Well, I vicariously lived through the entire filming process courtesy of his wife, who I work alongside and who has lent me a copy of John Carlin's 'Playing the Enemy', the book on which the film was based.
It was an unusual read - truly a book of two halves. The first was a historical perspective on the rise and fall of apartheid, all linked to the life and times of Nelson Mandela, its central character. This element reads like a history book, because it is! It is even published under History / Politics. Whilst interesting, this section was heavy going and in the end it took me three months to get to the half way point, and had me wondering why anyone could see it as a seam of credible cinematic material.
But then I entered the second half passing through the obligatory selection of black and white images into the vibrant technicolour of the 1995 Rugby World Cup competition. From the here the story really picked up the pace, gaining speed akin to Jonah Lomu's legendary turn of speed. Suddenly, I found myself captivated by the storyline and the spectacle the book conveyed. Whilst the first half had been a three month war of attrition, much like the cup final match itself, I raced through the latter stages in as many days.
The story provides a powerful insight into Nelson Mandela, founding father of a divided nation. His skill in achieving the seemingly impossible dream of a united South Africa is stunning, and his use of Rugby as the glue to hold a fragile infant nation together can only be described as pure genius.

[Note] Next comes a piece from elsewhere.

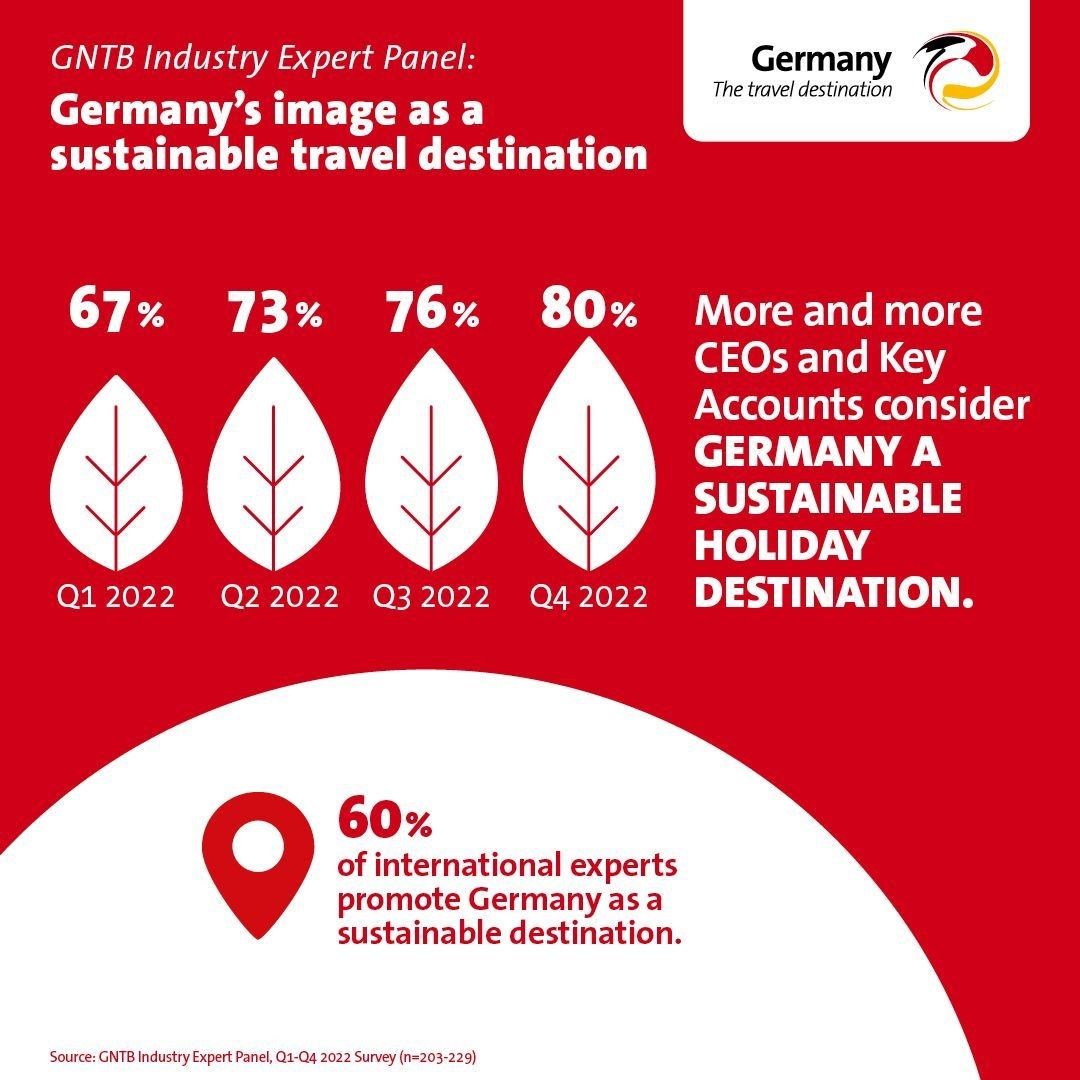 Germany-focuses-its-brand-communication-on-sustainability-2.jpg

History already dictates a fairytale ending, with the unfancied Springbok's achieving a surprise victory against the All Blacks, the tournament favourites which included Lomu, their secret weapon. But the true miracle of the tale is how the sporting event played a direct part in drawing together the factions who had long been enemies. Its a story of great hope.

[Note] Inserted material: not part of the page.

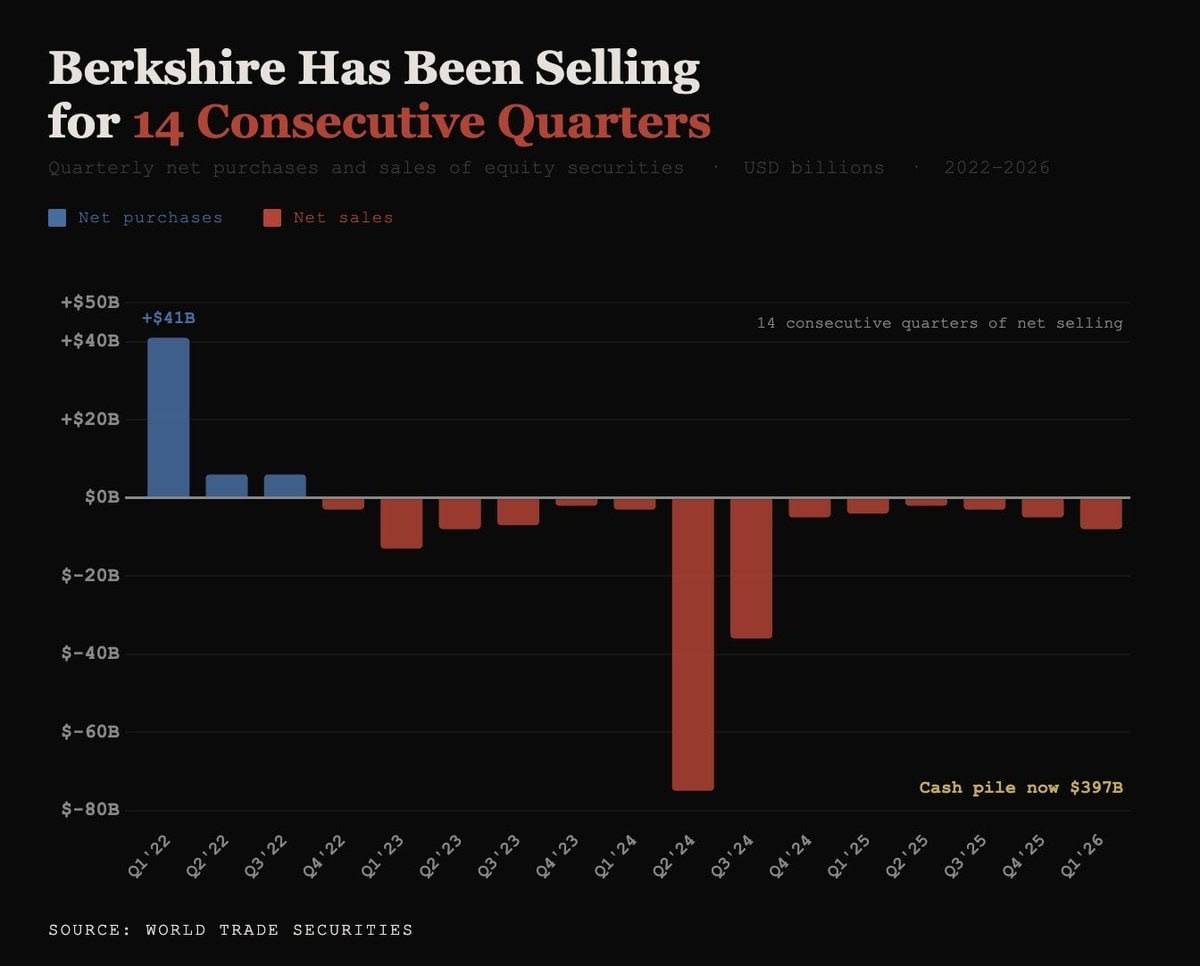 Berkshire Hathaway has been selling US stocks for 14 consecutive quarters, marking its longest selli...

If this can be achieved in South Africa why not in the Middle East?, why not in the Balkans?, why not in the war torn areas of central Africa?
The book's sub title is "Nelson Mandela and the game that made a nation". That says it all really.
What has all this to do with waterways? Virtually nothing! However, the book spoke to me, so I thought I would share my enthusiasm.
The Book is available from Atlantic Books for £12.99
ISBN 978 -1-84354-869-0
As for the film? It is due out on 5th Feb 2010 and I can't wait. See you at the premier.